Rencontre avec Dude Low

On a rencontré Dude Low le lendemain de son concert parisien au Pop-Up du Label. Interview de bon matin, avec le chanteur Lucas et le claviériste Théo, où l’on a pu parler d’oisiveté, de variété française et surtout de son dernier album Saint-Hélier – qui fait partie de notre top 2024.

Dude Low
(c) Tanguy Barot

La Face B : Saint Hélier est sorti il y a deux mois, le 11 octobre, et hier, vous avez fait votre release party parisienne au Pop-Up du label. Comment tu te sens ? J’ai l’impression que deux mois c’est pile poil le moment où l’on commence à avoir du recul sur une sortie…

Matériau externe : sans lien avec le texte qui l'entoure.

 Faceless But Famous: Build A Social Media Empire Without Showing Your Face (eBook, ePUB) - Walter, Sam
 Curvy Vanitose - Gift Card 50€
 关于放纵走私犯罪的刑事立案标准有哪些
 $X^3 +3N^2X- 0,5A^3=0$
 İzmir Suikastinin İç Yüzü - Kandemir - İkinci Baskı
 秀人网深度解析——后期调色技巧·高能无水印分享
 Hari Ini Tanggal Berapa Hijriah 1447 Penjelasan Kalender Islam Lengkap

Lucas : Oui, c’est vrai. J’ai encore des retours de gens qui viennent de découvrir le disque. Hier, certaines personnes dans le public me disaient aussi qu’elles avaient beaucoup écouté l’album à la maison, qu’elles venaient au concert pour « concrétiser leur amour » (rires). Ça nous a fait du bien, on avait vécu une date plus compliquée à Rennes, où l’on avait trop d’attentes…

Théo : On s’était mis trop de pression…

Lucas : Oui, et du coup, il n’y avait pas l’énergie qu’on a eue hier.

LFB : Avant de parler de l’album, j’aimerais bien qu’on évoque un sujet dont on t’a déjà parlé mille fois…

L : Le nom..?

LFB : Absolument (rires). J’ai lu plusieurs histoires à ce sujet : que ça serait une référence au film des frères Coen The Big Lebowski, que ça serait une blague sur le nom de Jude Law, ou encore une manière de revendiquer l’identité de prolétaire moderne : le « mec d’en-bas ». Qu’est-ce-qui est vrai dans toutes ces informations, et surtout : pourquoi avoir choisi un pseudo plutôt que ton propre nom ?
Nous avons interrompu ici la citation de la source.